→ **Assigned task**
Could you please reproduce all the records below exactly, leaving out the images?

Collected data
------------------------------------------------

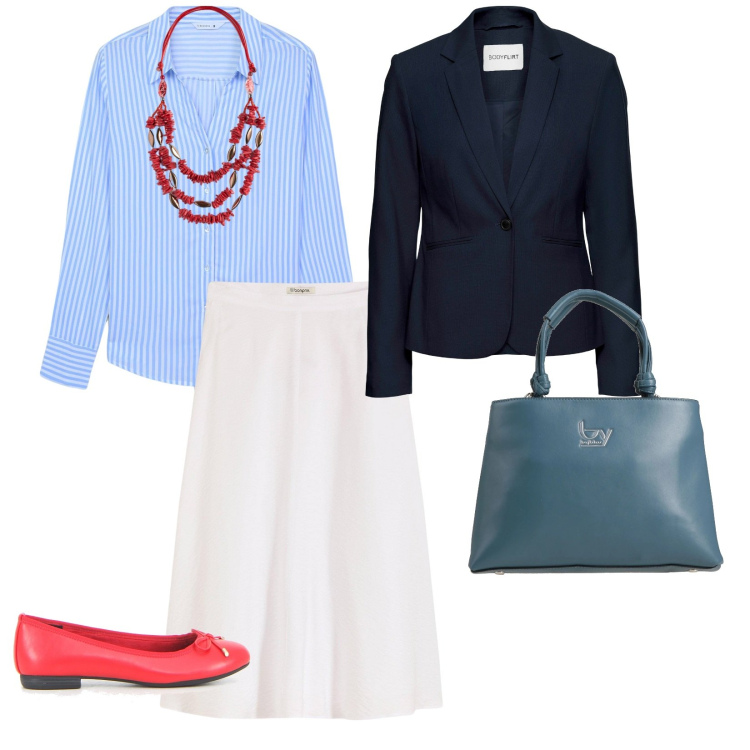 Outfit donna - A lavoro. per Ufficio. Abbinamento con blazer, gonne longuette, borse a mano, camicie, ballerine, collane.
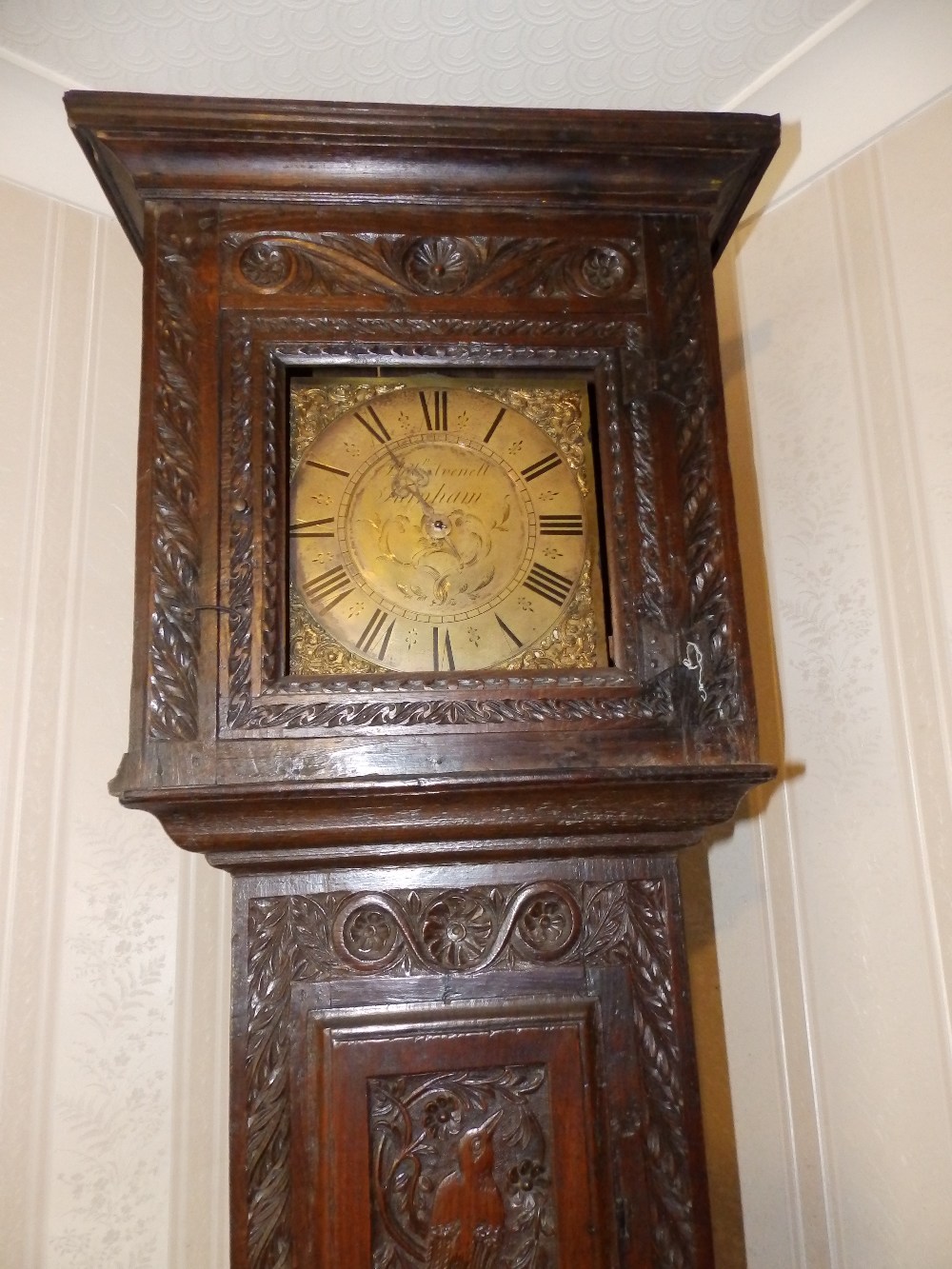 A brass dial bell striking 30 hour carved oak longcase clock, the 10” square dial inscribed ' - Image 2 of 3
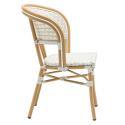 Chaise de jardin style bistrot parisien en aluminium et rotin synthétique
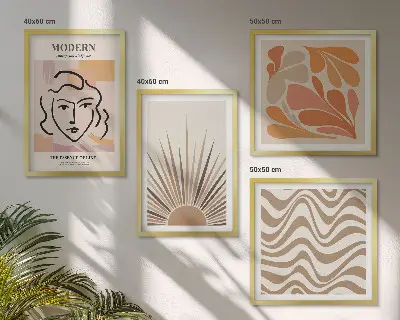 Set of 4 wall art pieces Sun boho pastel shapes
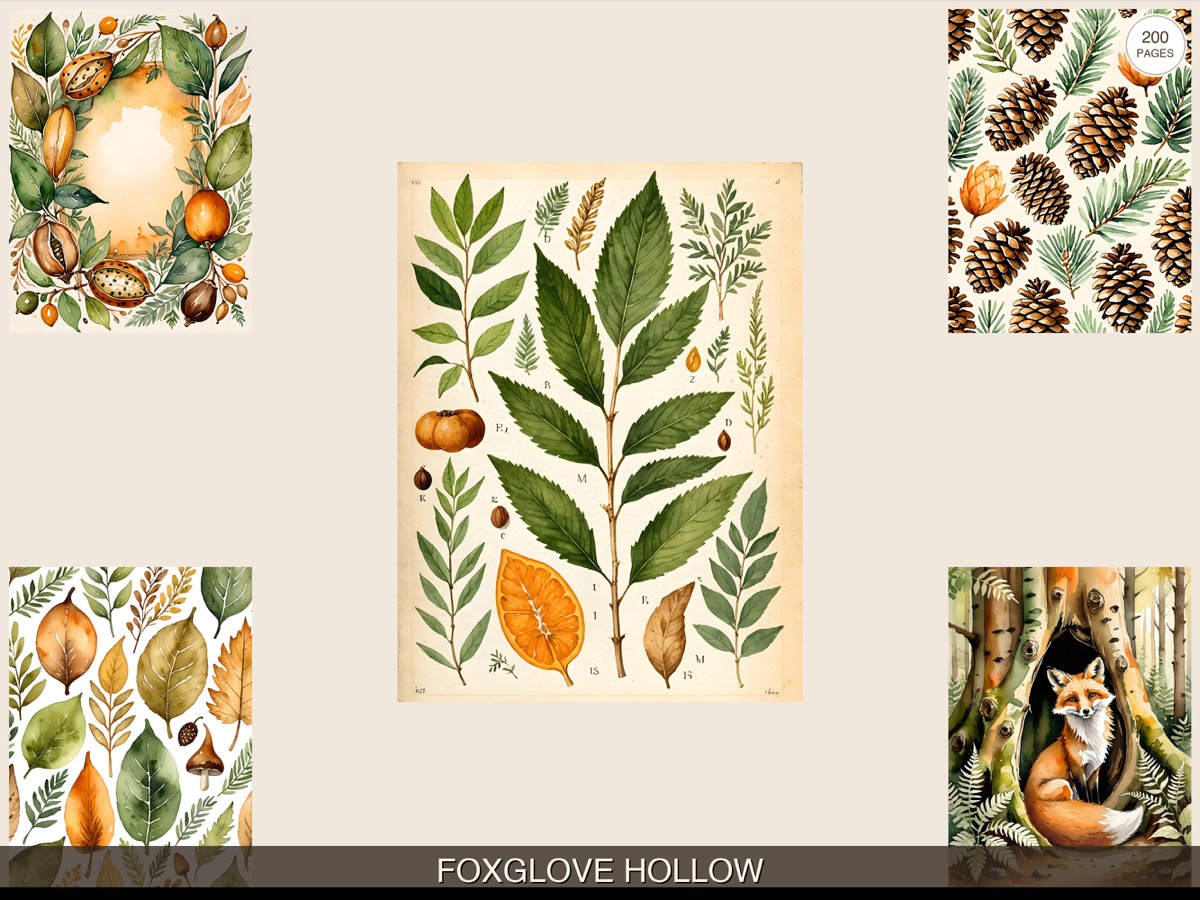 Real Foxglove Hollow listing composition in parchment and moss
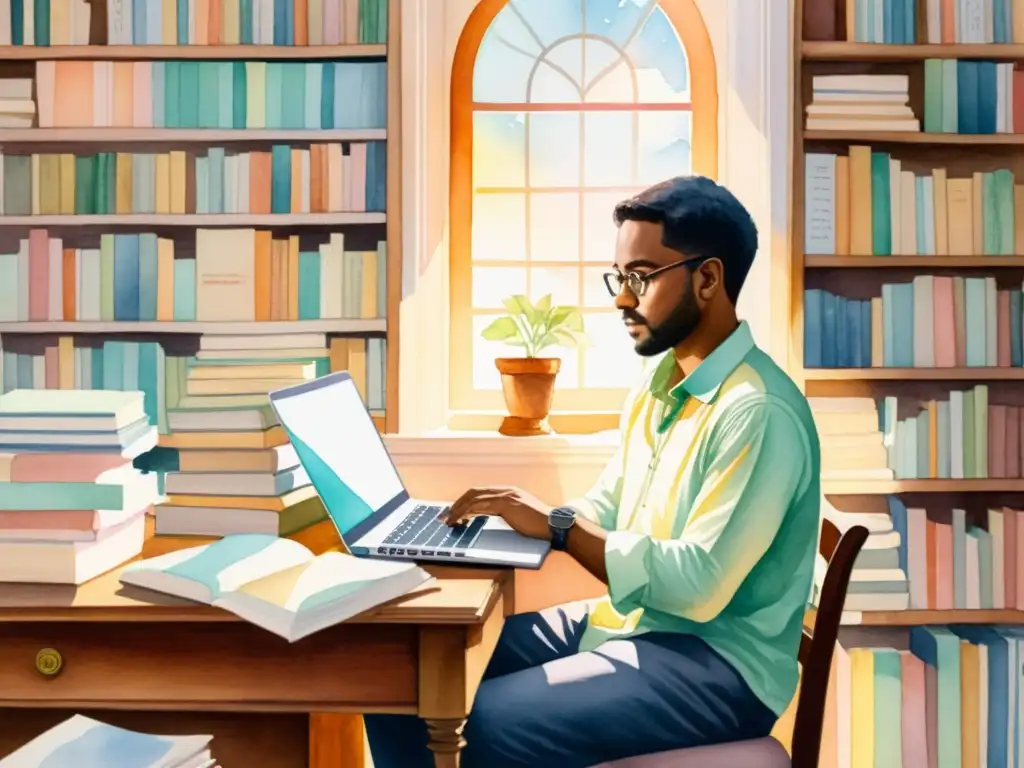 Un poeta en su estudio, rodeado de libros y papeles, crea una atmósfera introspectiva y cálida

------------------------------------------------

→ **Answer to this exercise**
 Outfit donna - A lavoro. per Ufficio. Abbinamento con blazer, gonne longuette, borse a mano, camicie, ballerine, collane.
 A brass dial bell striking 30 hour carved oak longcase clock, the 10” square dial inscribed ' - Image 2 of 3
 Chaise de jardin style bistrot parisien en aluminium et rotin synthétique
 Set of 4 wall art pieces Sun boho pastel shapes
 Real Foxglove Hollow listing composition in parchment and moss
 Un poeta en su estudio, rodeado de libros y papeles, crea una atmósfera introspectiva y cálida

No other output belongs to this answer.